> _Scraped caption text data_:
========
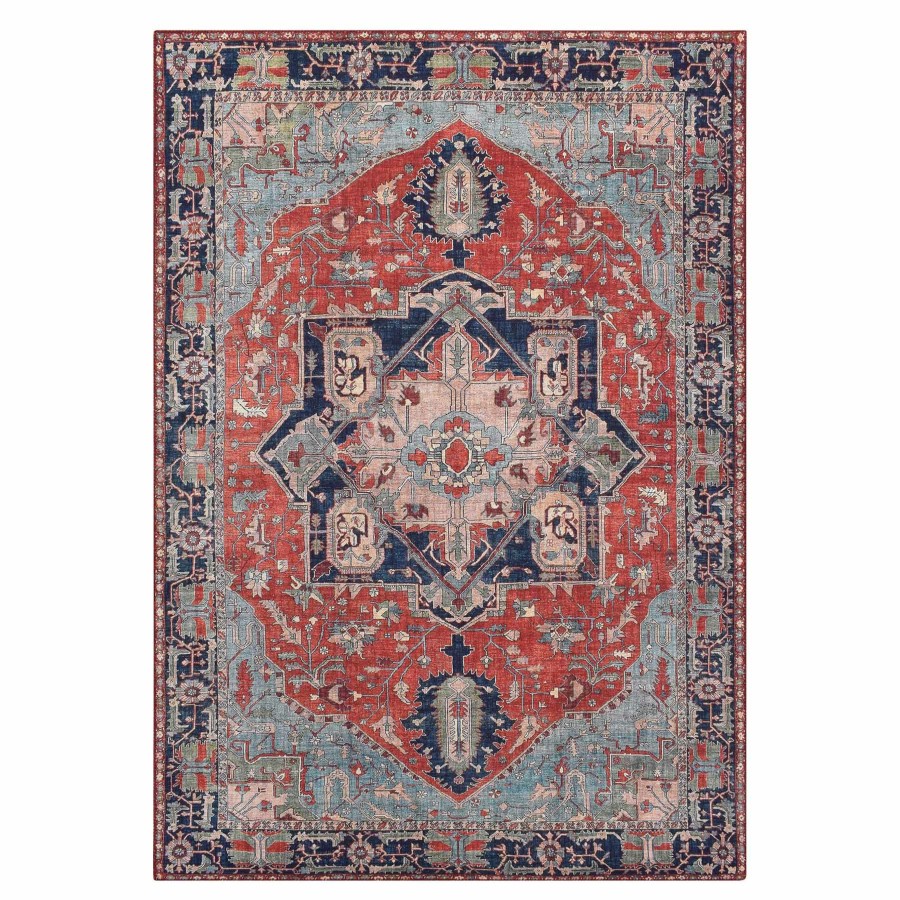 Rugs & Curtains * | (D473) Chenille Printed Vintage Look Red Medallion Accent Rug, 3 5 Fantastic Model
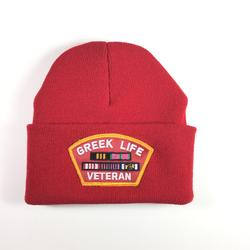 Greek Vet Beanie Red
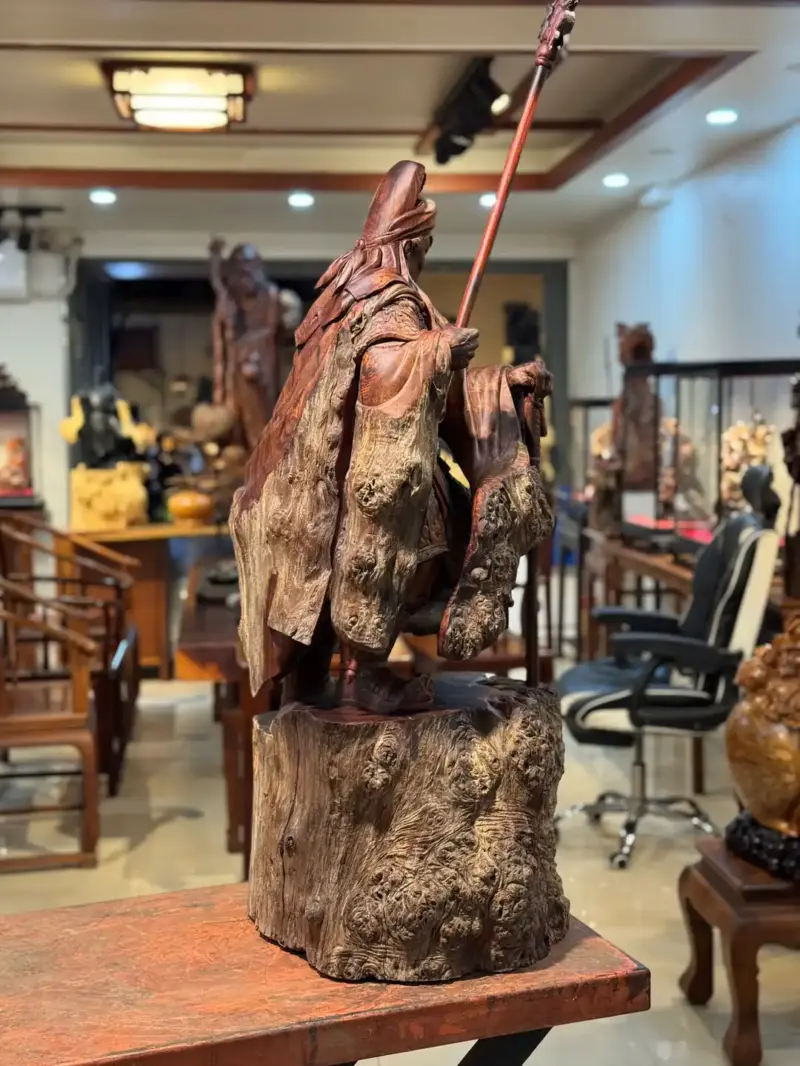 Tượng Quan Công Gỗ Nu Cẩm Cao 100cm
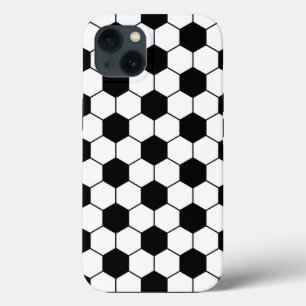 Adapted Soccer Ball pattern Black White iPhone 13 Case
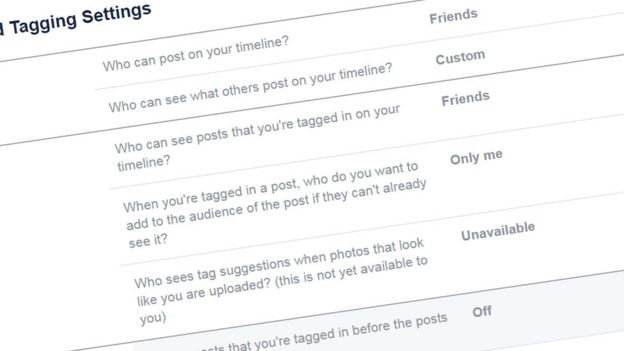 A slightly cropped and rotated screenshot of the tagging settings page on a Facebook profile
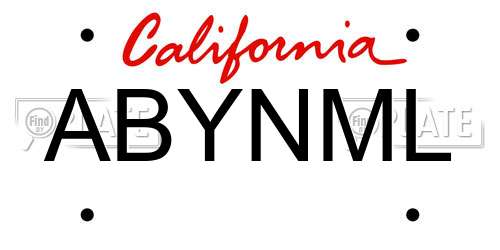ABYNML California License Plate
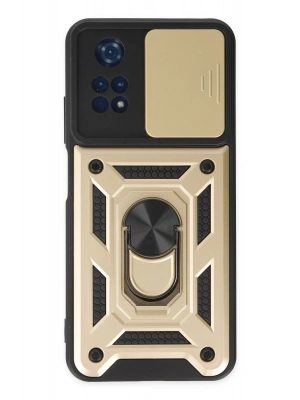 Newface Xiaomi Poco M4 Pro 4G Kılıf Pars Lens Yüzüklü Silikon - Gold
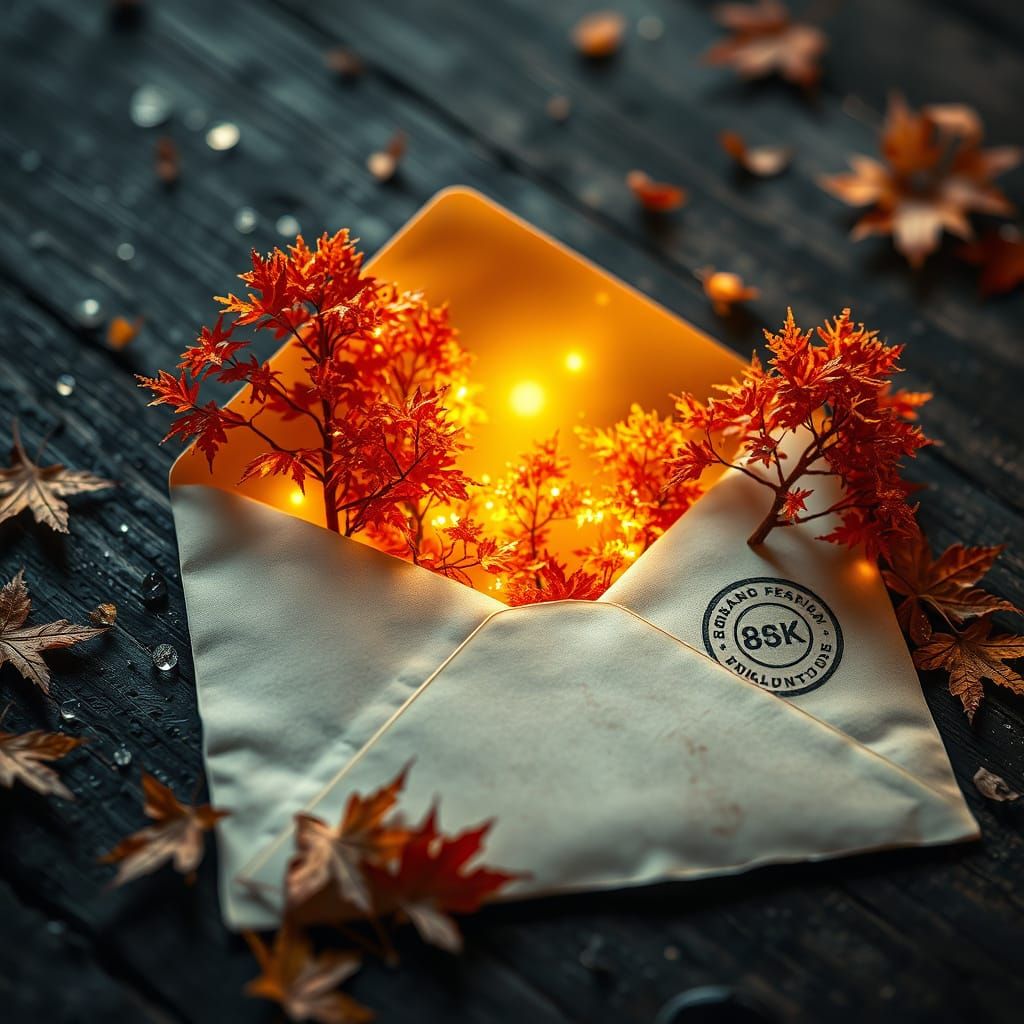 Enchanted Autumn Forest Revealed Inside Aged Envelope
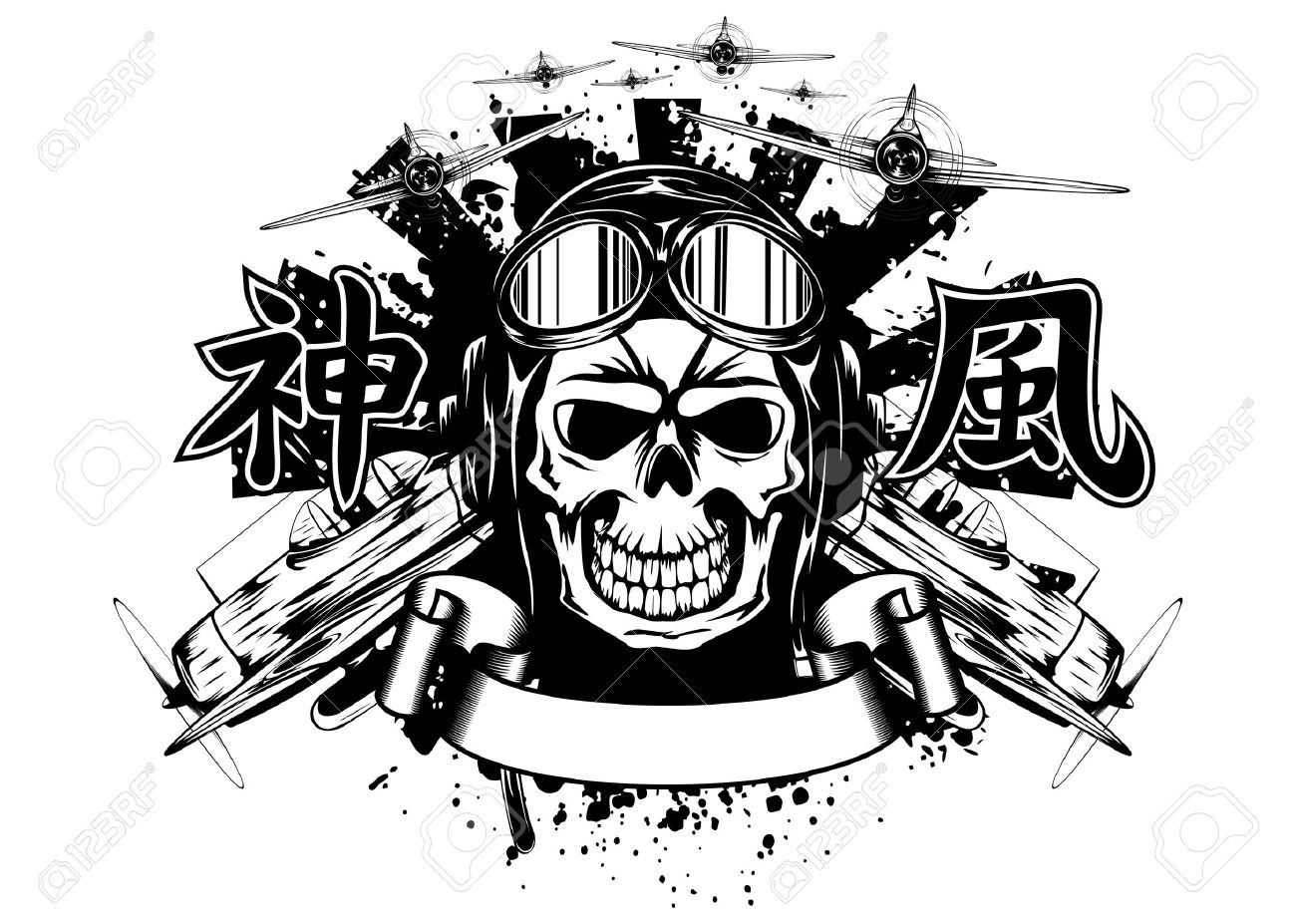 ヘルメットとガラス 平面 神風の象形文字で神風の頭蓋骨のベクトル イラストのイラスト素材 ベクタ Image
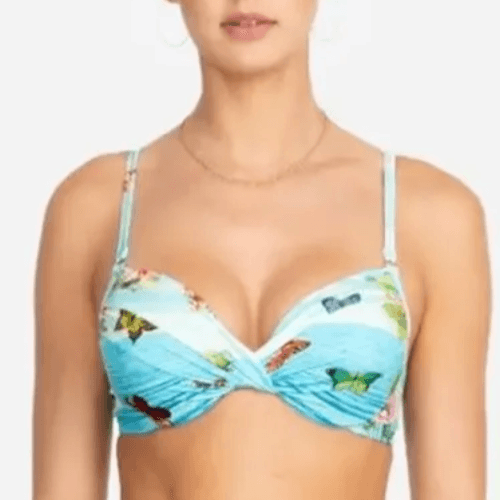Johnny Was Women's XS Costa Azul Butterfly Aqua Blue Bikini Top Bra EUC - Thumbnail 4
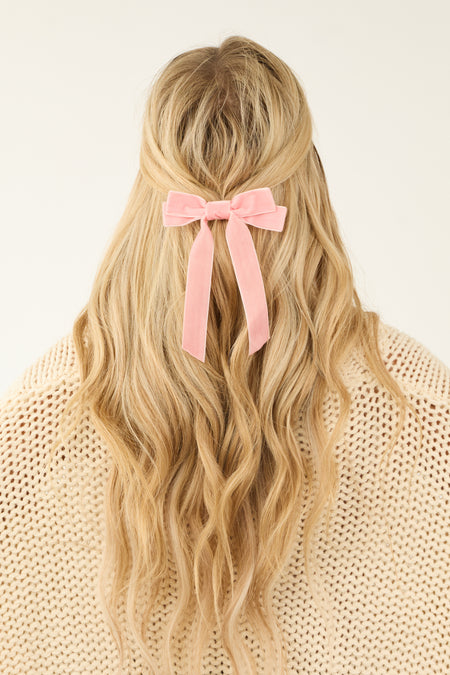 Baby Pink Solid Velvet Clip On Bow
========
> _Brief_:
Skip every picture and return the lines above from the top through the one that contains "Adapted Soccer Ball".

> _Task answer_:
 Rugs & Curtains * | (D473) Chenille Printed Vintage Look Red Medallion Accent Rug, 3 5 Fantastic Model
 Greek Vet Beanie Red
 Tượng Quan Công Gỗ Nu Cẩm Cao 100cm
 Adapted Soccer Ball pattern Black White iPhone 13 Case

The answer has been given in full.